You should add Dawkins'
The Blind Watchmaker to your reading list. At the very least, the first half of Chapter 3, in which he describes the difference between
single-step selection (SSS, to make my typing go faster) and
cumulative selection (CS). In SSS, you try to get everything to fall randomly in place all at once, then you try again from scratch, and again from scratch, etc. OTOH, CS uses each attempt as the starting point for the next attempt. SSS selection is what creationists and IDists claim that evolution uses, whereas CS is what evolution does use.
The effectiveness of SSS can be calculated directly and, as you stated, it results in an extremely low probability, so low as to be deemed virtually impossible. But that's not what evolution uses. To illustrate and test a CS model, he wrote his WEASEL program in BASIC that used CS to generate a single line of Shakespeare, "Methinks it is like a weasel". They started the program and left for lunch and and it was finished by the time they returned. In the book, he does not provide a code listing, but he does describe what the program does. Armed with that information, many skeptics have written their own versions of WEASEL in their own choice of language (BASIC, being an interpreted language, is rather slow and so is not a very good choice unless you're not a very experienced programmer). The Wikipedia article that Modulus pointed you to (please read it) points to a long-established page that presents a number of those programs:
Almost Like a Whale.
My own program, MONKEY, was written a couple decades ago in Turbo Pascal (I am David Wise). You can download my program along with the source code from his site (my own is down until I can find a new provider). Unfortunately, a timing loop in the start-up code of TP started failing when PCs started running faster, as described by Musgrave on his page. I found and incorporated a fix for that, but I don't know whether Musgrave ever got it.
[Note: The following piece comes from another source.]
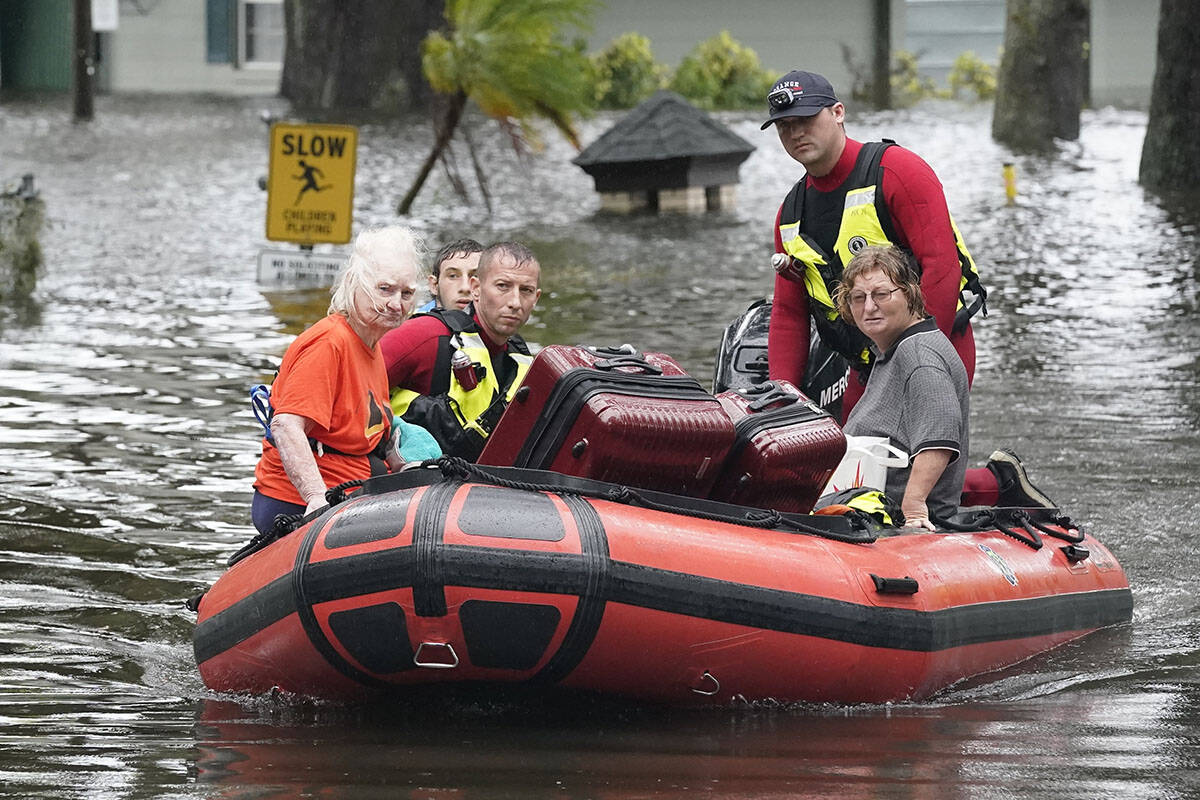 Residents are rescued from floodwaters in the aftermath of Hurricane Ian in Orlando, Fla., on T ...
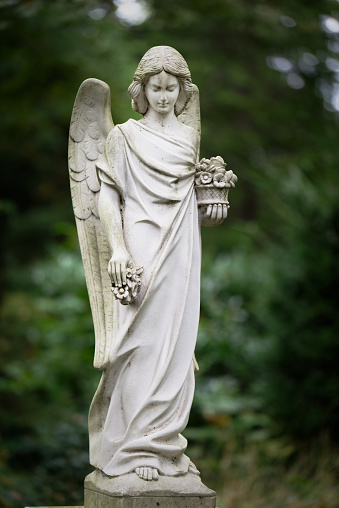 white angel with flowers in hand in front of blurred green background on a cemetery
I wrote MONKEY because I couldn't believe Dawkins' claim. I calculated the SSS probability and assumed a computer much faster than my PC/XT (Norton Factor 2) that could perform a million tests per second and came to the conclusion that in order to have one chance in a million that computer would need to run for a couple hundred billion years, many times longer that the universe has been in existence. But with CS, MONKEY succeeded within a few minutes (most often within 30 seconds, depending on population size) consistently, repeatedly, without fail.
I then analyzed the probabilities involved, though for CS I had to employ Markovian chains. What I found was that the only way for MONKEY to fail using CS would be for almost every single attempt to fail, the probability for which is much lower that the probability for SSS to succeed.
I just checked and Musgrave included my calculations and write-up on his page.